(Dataset extract)

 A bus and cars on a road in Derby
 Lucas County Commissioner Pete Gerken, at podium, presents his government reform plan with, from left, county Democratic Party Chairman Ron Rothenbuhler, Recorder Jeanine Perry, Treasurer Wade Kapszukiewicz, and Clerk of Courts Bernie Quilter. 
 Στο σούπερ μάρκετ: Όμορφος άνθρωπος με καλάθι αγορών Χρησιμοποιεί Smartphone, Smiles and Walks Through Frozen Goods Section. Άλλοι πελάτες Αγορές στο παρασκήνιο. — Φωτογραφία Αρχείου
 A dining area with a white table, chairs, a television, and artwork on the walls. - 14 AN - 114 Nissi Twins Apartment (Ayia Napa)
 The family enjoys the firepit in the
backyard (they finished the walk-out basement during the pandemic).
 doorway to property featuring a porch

(What you should do)
Please copy, exactly as written, every line in the listing above from the line with "A dining area" up to and including the line with "backyard (they finished".

(Problem solution)
 A dining area with a white table, chairs, a television, and artwork on the walls. - 14 AN - 114 Nissi Twins Apartment (Ayia Napa)
 The family enjoys the firepit in the
backyard (they finished the walk-out basement during the pandemic).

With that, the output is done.